Leaders and Men, Watch Your Buts
An essential leadership lesson, with the potential of opening hundreds of half-closed doors. The implications of buts for leaders and men.
Recently, my wife and better half told me that it makes her sad when she can’t figure out how to make me happy (stomach drop). I was in one of my moods of determined sadness — sometimes I’m a sinker — and we were at the kitchen table trying to uncover the source. After some back and forth, we reasoned that I was stressed about doing my job well and feeling guilty about being an absent father. I did not realize that I was also on the precipice of an essential leadership lesson, with the potential of opening hundreds of half-closed doors.
Why do I feel more pressure to check my email than to spend time with my daughter before she goes to bed? How does my professional evaluation weigh more than my performance as a parent? Being a father is the most important job I will ever have. I know this. Still, routinely, I forget Goethe’s wisdom:
“Things that matter most must never be at the mercy of things which matter least.”
What matters most? For me, it’s not a hard question:
What matters least is harder to discern. Examples:
- The speed at which I reply to emails.
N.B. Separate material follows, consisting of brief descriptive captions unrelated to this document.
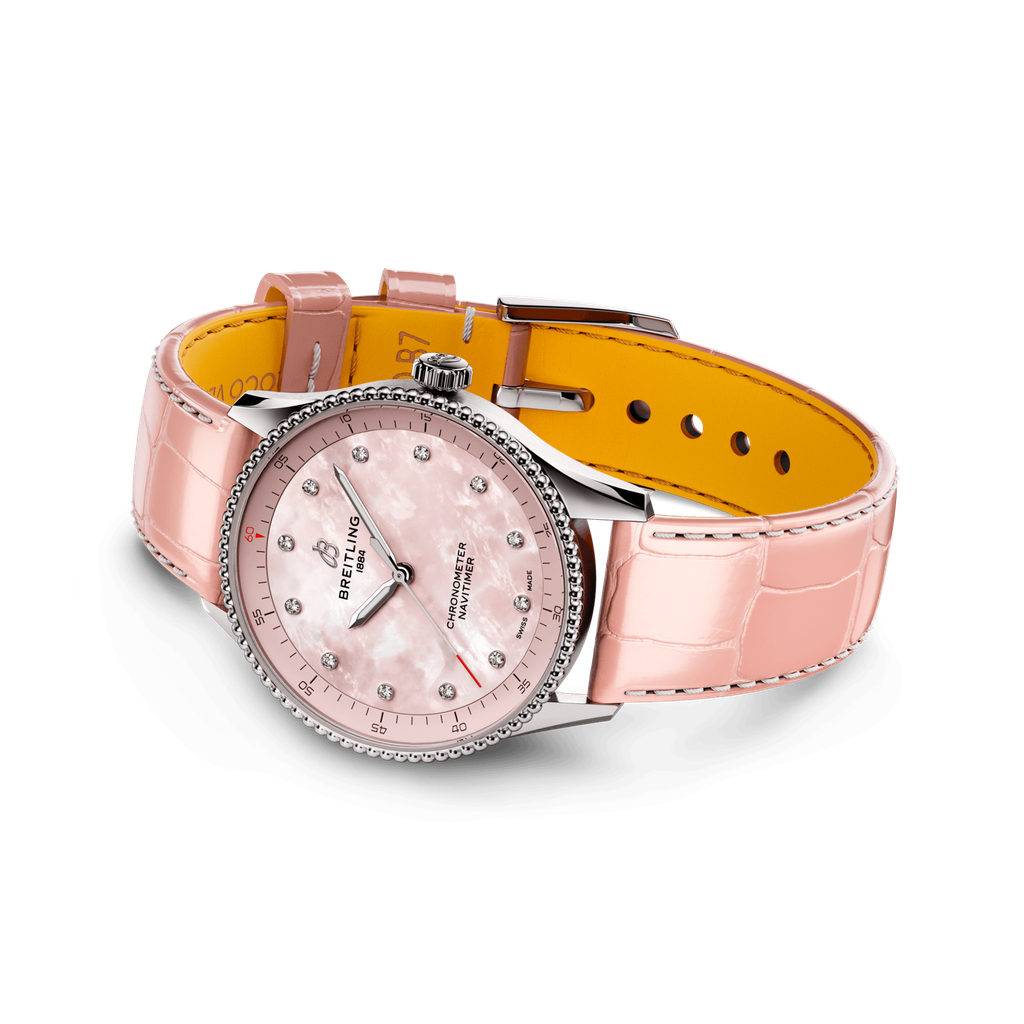 a77320d91k1p1-navitimer-32-rolled-up-2_29b59a09-4fce-44a3-84fe-89de293e5cc4.png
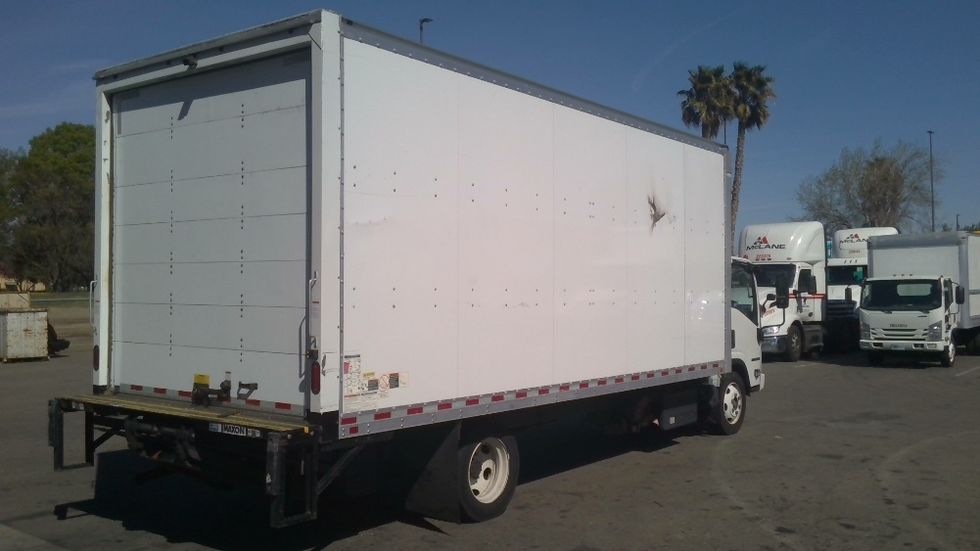 Medium Duty Box Truck-Light and Medium Duty Trucks-Isuzu-2019-NRR-Tracy-CA-111,550\n\t\tmiles-$ 44,500 - Image 13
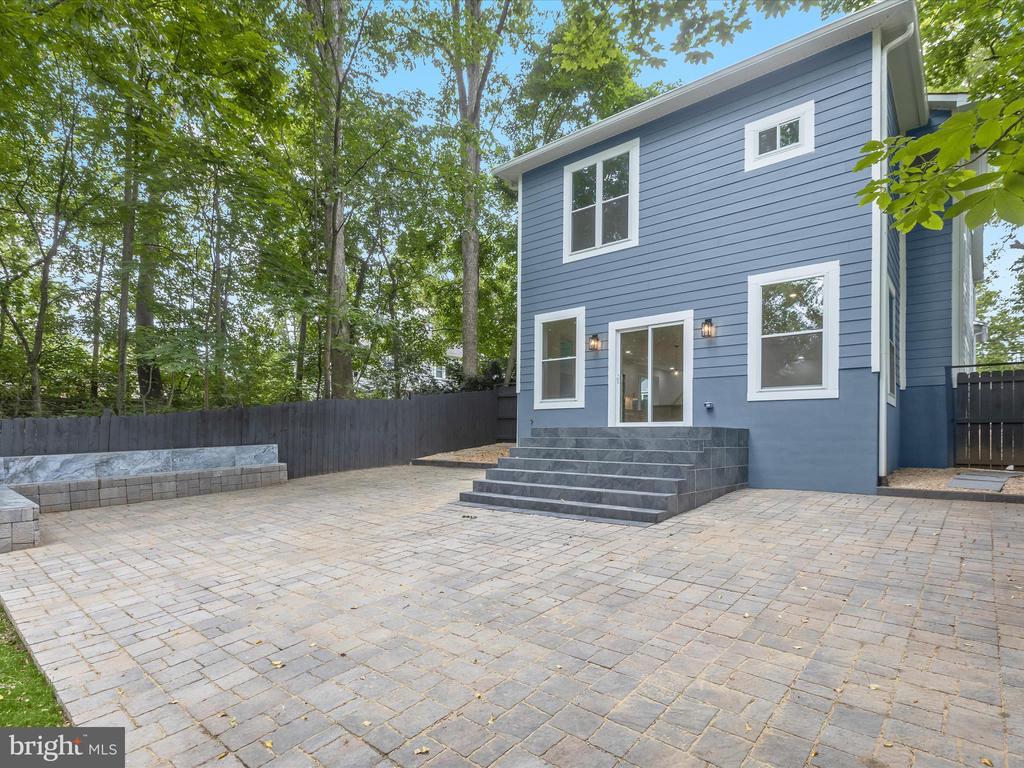 10019 GUILFORD RD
Timely doesn’t need to mean instantaneous but it can’t be too long and the longer I wait the more they pile up and if I want to do a good job I need to be responsive that way I can perform and provide for my family which is most important after all.
- Relaxing with a cold drink or two. But let’s remember that family and relationships are my top priorities and it’s a bonding/stress relieving thing and what’s good for the soul is good for my health even if all scientific evidence suggests otherwise.
- Television. Sure, but I’ve been working like a dog and I just need some time to turn my brain off and I love watching soccer and football and for me to be a good dad and husband everyone keeps…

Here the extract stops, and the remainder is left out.